For inspecting if any cases have many missing values, we'll create a new variable. This variable holds the number of missing values over a set of variables that we'd like to analyze together. In the example below, that'll be q1 to q9.

We'll use a short and simple variable name: mis_1 is fine. Just make sure you add a description of what's in it -the number of missing...- as a variable label.

***Create new variable holding number of missing values over q1 to q9.**

count mis_1 = q1 to q9 (missing).

***Set description of mis_1 as variable label.**

variable labels mis_1 'Missing values over q1 to q9'.

***Inspect frequency distribution missing values.**

frequencies mis_1.

## Result

In this table, 0 means zero missing values over q1 to q9. This holds for **309** cases.

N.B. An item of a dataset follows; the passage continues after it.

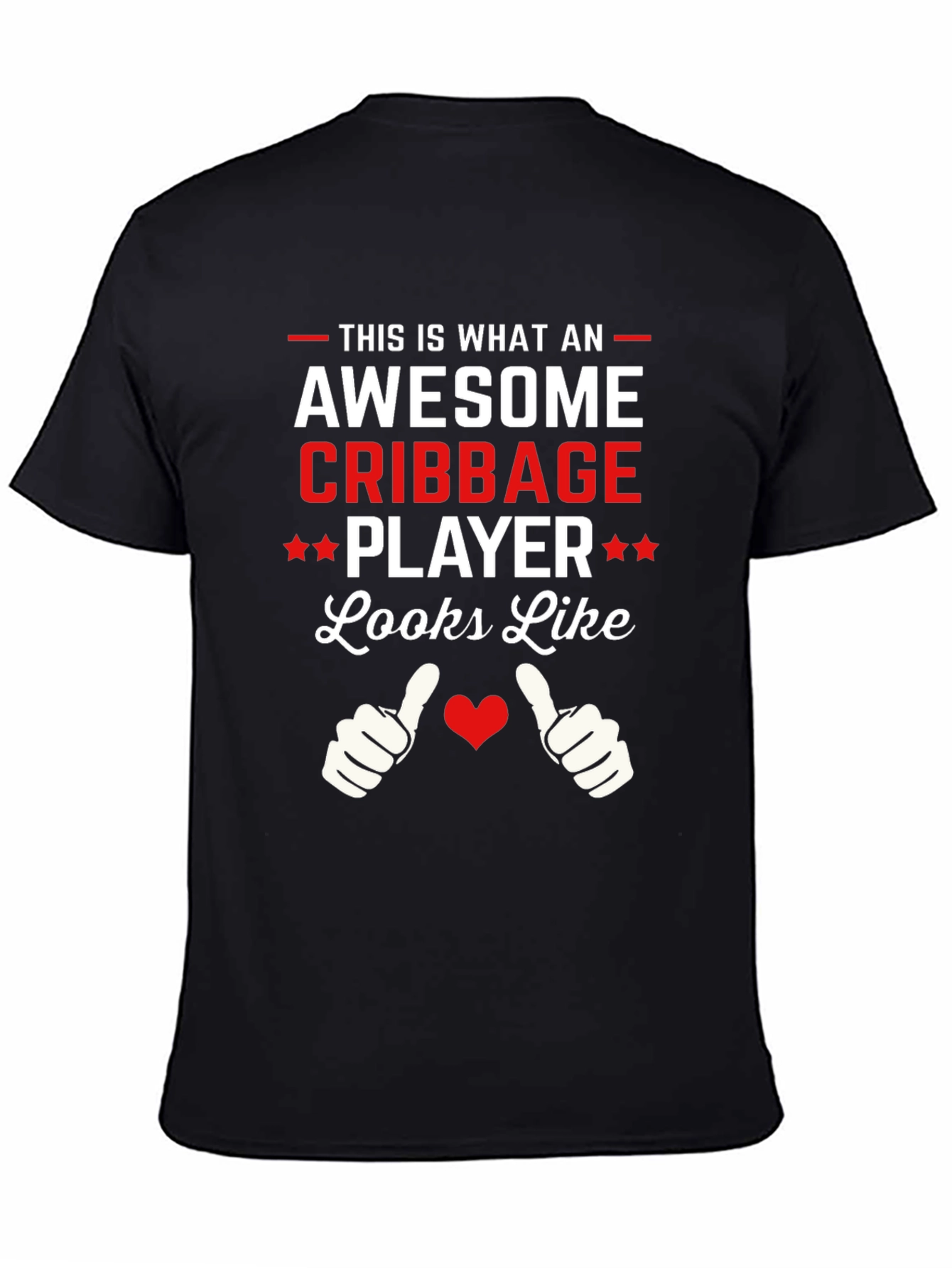 Black Awesome Cribbage Player T-Shirt view 4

This is the **Valid N (listwise)** we saw in the descriptives table earlier on.

Also note that 1 case has 8 missing values out of 9 variables. We may doubt if this respondent filled out the questionnaire seriously. Perhaps we'd better exclude it from the analyses over q1 to q9. The right way to do so is using a FILTER.

## SPSS Data Analysis with Missing Values

So how does SPSS analyze data if they contain missing values? Well, in most situations,
SPSS runs each analysis on all cases it can use for it.
Right, now our data contain 464 cases. However, most analyses can't use all 464 because some may drop out due to missing values. Which cases drop out depends on which analysis we run on which variables.

Therefore, an important best practice is to
always inspect how many cases are actually used

for each analysis you run.
This is not always what you might expect. Let's first take a look at **pairwise** exclusion of missing values.

## Pairwise Exclusion of Missing Values

Let's inspect all (Pearson) correlations among q1 to q9. The simplest way for doing so is just running correlations q1 to q9. If we do so, we get the table shown below.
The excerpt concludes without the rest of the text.